I have a really steap driveway. I typically back up just because it is easier to get in and out of the car without fighting with the door. Well today I did just the opposite because I was gonna put it in the garage and do an oil change. I tightened the nut on the ebrake handle, I believe it was 10mm and was easily able to reach it by pulling up the ebrake rubber boot. Used a deep socket and extension.

I noticed that even after tightening it, car car still rolled backwards. So I back down the driveway, turn arround, and back up the driveway. Ebrake holds perfect.

I know nothing about drum brakes. Never had a car with them so I need to be schooled since we share the same style ebrake setup as the Corvette with it being a drum style.

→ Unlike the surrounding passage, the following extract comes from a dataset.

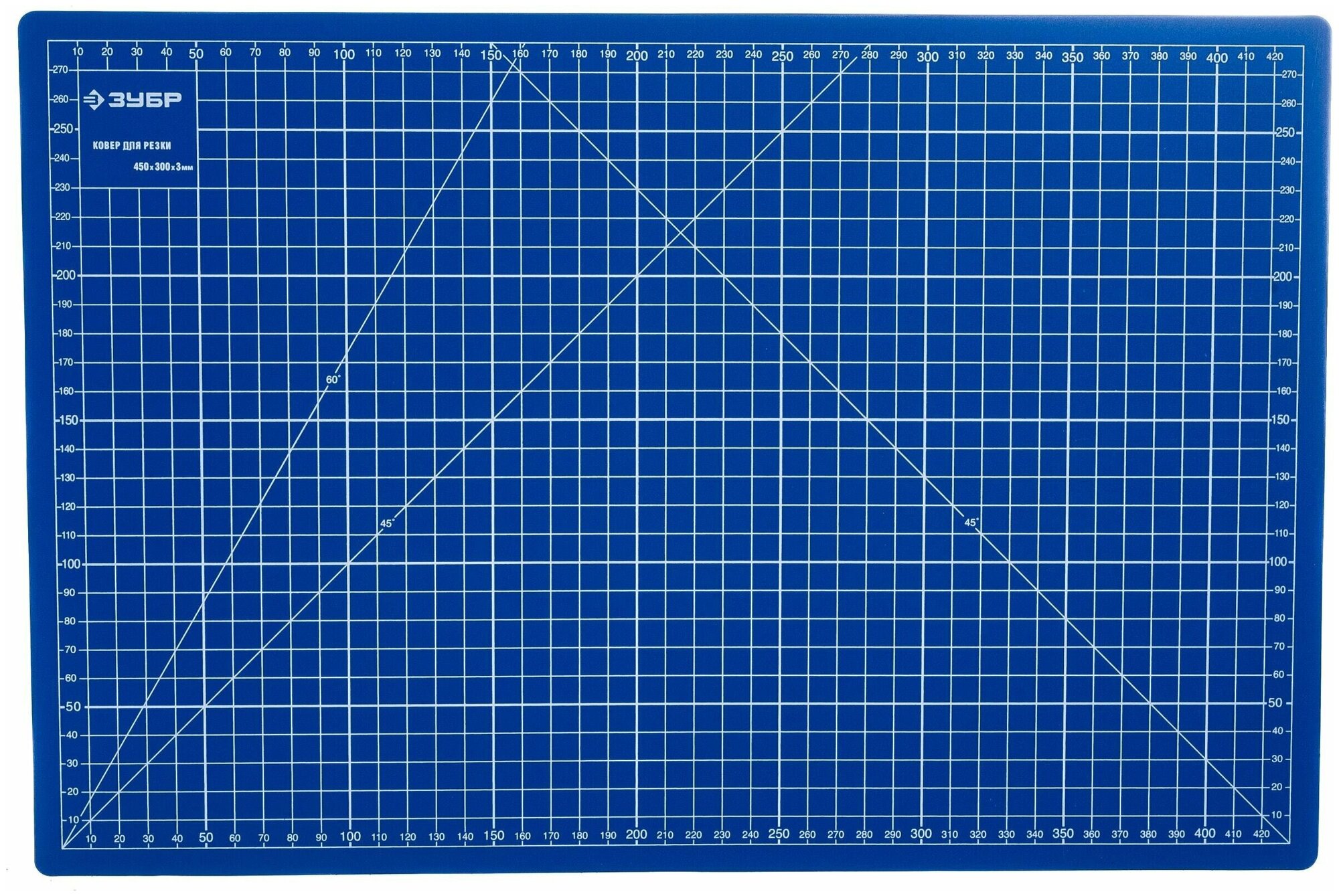 Непрорезаемый коврик Зубр Эксперт 3 мм цвет синий 450x300 мм 09902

Why does it not let my car roll foreward but will let my car run backword?


----------



## cgronewold (Jun 18, 2010)

I have the same problem ever since I upgraded to the 06 brake set up.


----------



## jpalamar (Jul 22, 2008)

I'm still on my 04 setup, aftermarket pads and rotors, I wouldn't think it should effect anything.


----------



## motoristx (Apr 27, 2010)

can you tell if both sides are engauging? mine wasn't so i had the same problem.

when you pull the rotors off, you gong to notice (at the very bottom) a self adjusting device. this will self adjust the brake shoe so the engauges at the same pressure even as they get worn down. basicaly it works like a little ratchet, ratching out every time it gets worn down a little bit more.

i had to bend out the little metal part the holds the correct adjustment, and i had to clean up the screw and groved washer cuase they where frozen in place. 

i will tell you it's a bi of a pain to get it installed once you pull it out, so pay very close attention to how it comes out.

this solved my problem of rolling backwards in the driveway. also when your driving aboubt 5 MPH (any faster is kinda dangerous) pull up on the ebrake and use it to slow down. do this in forward and reverse, it will help that self adjusting device get adjusted to where it needs when you first reinstall it. i did it about 5 times and it tightened right up.


----------